This standard specifies the conditions and methods for measuring ship vibration and the report form of the measured data. This standard is applicable to ships sailing at sea whose hull beam vibration is excited by the propulsion device. It can also be used as a reference for inland ships. GB/T 14696-1993 Ship Vibration Measurement Procedure GB/T14696-1993 Standard Download Decompression Password: www.bzxz.net

UPC 629 : 534. 1. 08
National Standard of the People's Republic of China
GB/T 14696--93
Code for the measurement of ship vibration
Promulgated on November 9, 1993
State Administration of Technical Supervision
Applied on July 1, 1994
National Standard of the People's Republic of China
Code for the measurement of ship vibration
This standard refers to the international standard ISO 4867-84 "Code for measurement and reporting of ship vibration data". Subject content and scope of application
This standard specifies the conditions and methods for measuring ship vibration and the reporting form of the measured data. GB/T 14696-93
This standard is applicable to ships sailing at sea with hull beam vibration excited by propulsion equipment. Inland vessels can also refer to it. 2 Measuring instruments
2.1 An electronic measuring system with multiple channels and long-term record keeping should be selected. It is usually composed of sensors, amplifiers, filters and recorders.
2.2 It should have a wide frequency range and amplitude linearity.

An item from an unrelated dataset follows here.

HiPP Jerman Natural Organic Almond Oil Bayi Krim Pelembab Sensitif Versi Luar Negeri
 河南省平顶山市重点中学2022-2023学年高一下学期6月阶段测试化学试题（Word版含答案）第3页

It should meet the frequency and amplitude requirements of the measured components and be able to adapt to environmental conditions such as temperature, brightness and noise on board.

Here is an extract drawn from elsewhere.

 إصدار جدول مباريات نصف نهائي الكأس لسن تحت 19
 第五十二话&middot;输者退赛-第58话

2.3 The sensor installation should be reliable and accurate. The direction and layout of the wires should be reasonable. 2.4 The sensitivity, amplitude-frequency characteristics, amplitude linearity and phase-frequency characteristics of the instrument must be regularly verified or calibrated, and the certificate of conformity must be obtained before use.
2.5 When the pulse device is installed on the propeller shaft, the pulse signal should correspond to the upper dead center of the No. 1 cylinder of the upper engine or the position of a certain blade of the propeller.
3 Residual conditions
3. 1 The water depth should not be less than 5 times the draft of the ship (except for special circumstances). 3.2 The sea surface should be below sea state 3.

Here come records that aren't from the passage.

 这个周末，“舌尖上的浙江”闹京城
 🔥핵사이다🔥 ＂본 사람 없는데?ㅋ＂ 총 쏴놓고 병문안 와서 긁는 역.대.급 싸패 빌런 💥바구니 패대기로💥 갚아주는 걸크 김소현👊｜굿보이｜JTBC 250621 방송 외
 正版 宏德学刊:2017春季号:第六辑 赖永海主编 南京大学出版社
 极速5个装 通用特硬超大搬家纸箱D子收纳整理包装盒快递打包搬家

3.3 The ship should be fully loaded or ballasted. When ballasted, the stern draft should ensure that the propeller is completely immersed in water. 3.4 The ship should maintain a stable heading and the maneuvering angle should be limited to ±2\. 3.5 When conducting the excitation test, the ship should be in a free floating state and irrelevant mechanical and electrical equipment on board should stop working. 3.6 When the above conditions cannot be met, it should be noted in the report. 4 Measurement location
4.1 Stern
The intersection of the longitudinal mid-section of the upper (main) deck and the stern end or the front compartment of the stern peak tank is the main characteristic point of the hull beam vibration. The measurement base directions are vertical, transverse and longitudinal. When measuring the torsional vibration of the hull, a pair of vertical sensors should be installed on both sides of the stern and upper (main) deck. See Figure 1. Approved by the State Administration of Technical Supervision on November 9, 1993 and implemented on July 1, 1994
W4.2 Superstructure
GB/T14696-93
Figure 1 Schematic diagram of hull vibration measurement
The intersection of the centerline of the bridge deck and the front wall is the overall vibration characterization point of the superstructure. The measurement directions are vertical, transverse and longitudinal. See Figure I
4.3 Hull beam (optional measurement item)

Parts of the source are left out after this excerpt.